How Do Marsupials Differ From Rodents?

There are many factors within the physiology of opossums that distinguish them from rodents. 


For starters, opossums have completely different dental structures to rodents, and have around 50 teeth, consisting of incisors, canines, premolars, and molars.

In many ways, their dental arrangement is similar to humans – as we, like them, observe a generally omnivorous diet. 

Rodents do not have the same dental arrangement, possessing strong incisors on the front of their mouths, molars at the back, and a sizable gap between the two sets of teeth. 

This is known as a diastema, and allows rodents to store food in their cheeks without the obstruction of teeth – which is why animals like hamsters can fit so much in their cheeks, to the point where they appear swollen and enlarged. 


Female opossums also have pouches, wherein the young migrate into it and suckle on their teats for sustenance when they are old enough.

This is different from rodents, which follow typical mammalian practices of producing live young through birth. 

This means that both creatures generally have startlingly different gestation periods for their young, with marsupials having a much shorter gestation period, and the young developing basic movement much earlier than their rodentine counterparts. 

Do They Have Any Similarities?

The main source of the comparison has to be their comparative lifestyles. Most rodents follow omnivorous diets, just like opossums, which sees them consuming both meat and plant matter. 

By and large, rodents and marsupials also share the same habitats – woodland areas with plenty of vegetation and a close proximity to water. 

Unfortunately, as human beings have extended the boundaries of cities, towns, and suburban areas, they have come more into contact with these habitats, forcing marsupials and rodents alike to forage in urban areas for their food. 

If humans never actively encountered these creatures in urban areas, then they wouldn’t have the same mental association with vermin as they currently do. 

Should Possums Be Considered Vermin?

People will always fear what they don’t understand, and unfortunately, they have come to associate dumpster diving animals as vermin and carriers of disease. 

But opossums really are more than that, and shouldn’t be considered pests or vermin at all.

In fact, opossums have many uses that make them a benefit to any urban area, and if people were aware of those factors, then they might start to get a better rap amongst humans. 

What Benefits Do Opossums Bring?

The main benefit of opossums is that their omnivorous diets make them great for controlling the real pests – such as invasive insects, small rodents, reptiles, and other creatures that pose far greater risks to human habitation. 

When opossums take refuge in human homes, such as in crawl spaces and amongst insulation, they can also be good for cleaning out termites and other pests that can cause damage and disarray within the home.

Of course, having opossums living in your walls is neither ideal, nor a solution, but it is one example of how their lifestyle can prove useful. 

They also feed on dead carcasses, which can be great for suburban areas that have frequent problems with roadkill.
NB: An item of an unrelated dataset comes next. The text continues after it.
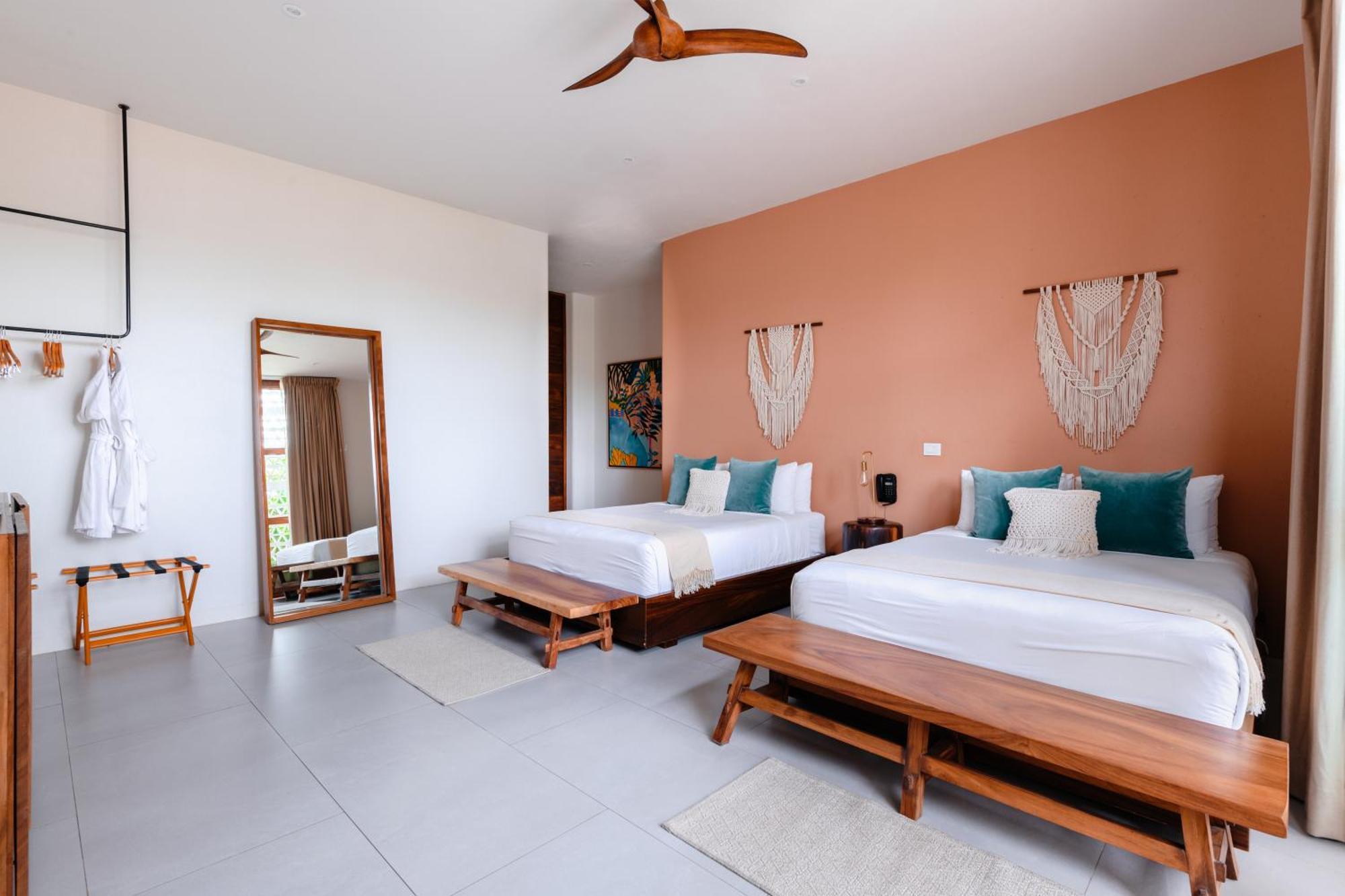 Agua De Luna Hotel Boutique, San Pancho Nayarit San Francisco  Room photo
Opossums will feed on this roadkill, cleaning areas that would otherwise have rotting meat in them. 

Final Thoughts

And there we have it, everything you need to know about opossums, and whether or not they are rodents. 

While there are certain similarities in terms of lifestyle and eating patterns, rodents and marsupials are very different creatures.

However, with proper understanding and education, perhaps the stigma faced by opossums can one day be changed, taking into account their differences, and the benefits they have to habitats.